A Longtime Tool of the Community

October 1, 2013
By Lewis Shepherd

Point-Counterpoint: Is Big Data the Way Ahead for Intelligence?

What do modern intelligence agencies run on? They are internal combustion engines burning pipelines of data, and the more fuel they burn the better their mileage. Analysts and decision makers are the drivers of these vast engines; but to keep them from hoofing it, we need big data.
The intelligence community necessarily has been a pioneer in big data since inception, as both were conceived during the decade after World War II. The intelligence community and big data science always have been intertwined because of their shared goal: producing and refining information describing the world around us, for important and utilitarian purposes.

Let’s stipulate that today’s big-data mantra is overhyped. Too many technology vendors are busily rebranding storage or analytics as “big data systems” under the gun from their marketing departments.
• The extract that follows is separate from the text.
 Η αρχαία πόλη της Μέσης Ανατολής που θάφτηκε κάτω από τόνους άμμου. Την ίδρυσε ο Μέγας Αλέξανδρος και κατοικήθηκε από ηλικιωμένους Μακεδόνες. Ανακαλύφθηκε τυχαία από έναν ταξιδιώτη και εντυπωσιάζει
That caricature rightly is derided by both information technology cognoscenti and non-techie analysts.

I personally understand the disdain for machines, as I had the archetypal humanities background and was once a leather-elbow-patched tweed-jacketed Kremlinologist, reading newspapers and human intelligence (HUMINT) for my data. I stared into space a lot, pondering the Chernenko-Gorbachev transition. Yet as Silicon Valley’s information revolution transformed modern business, media, and social behavior across the globe, I learned to keep up—and so has the intelligence community.

Twitter may be new, but the intelligence community is no Johnny-come-lately in big data. U.S. government funding of computing research in the 1940s and 1950s stretched from World War II’s radar/countermeasures battles to the elemental electronic intelligence (ELINT) and signals intelligence (SIGINT) research at Stanford and MIT, leading to the U-2 and OXCART (ELINT/image intelligence platforms) and the Sunnyvale roots of the National Reconnaissance Office.

In all this effort to analyze massive observational traces and electronic signatures, big data was the goal and the bounty.

War planning and peacetime collection were built on collection of ever more massive amounts of data from technical platforms. These told the United States what the Soviets could and could not do—and therefore where we should and should not fly, or aim, or collect. And all along, the development of analog and then digital computers to answer those questions, from Vannevar Bush through George Bush, was fortified by massive government investment in big data technology for military and intelligence applications.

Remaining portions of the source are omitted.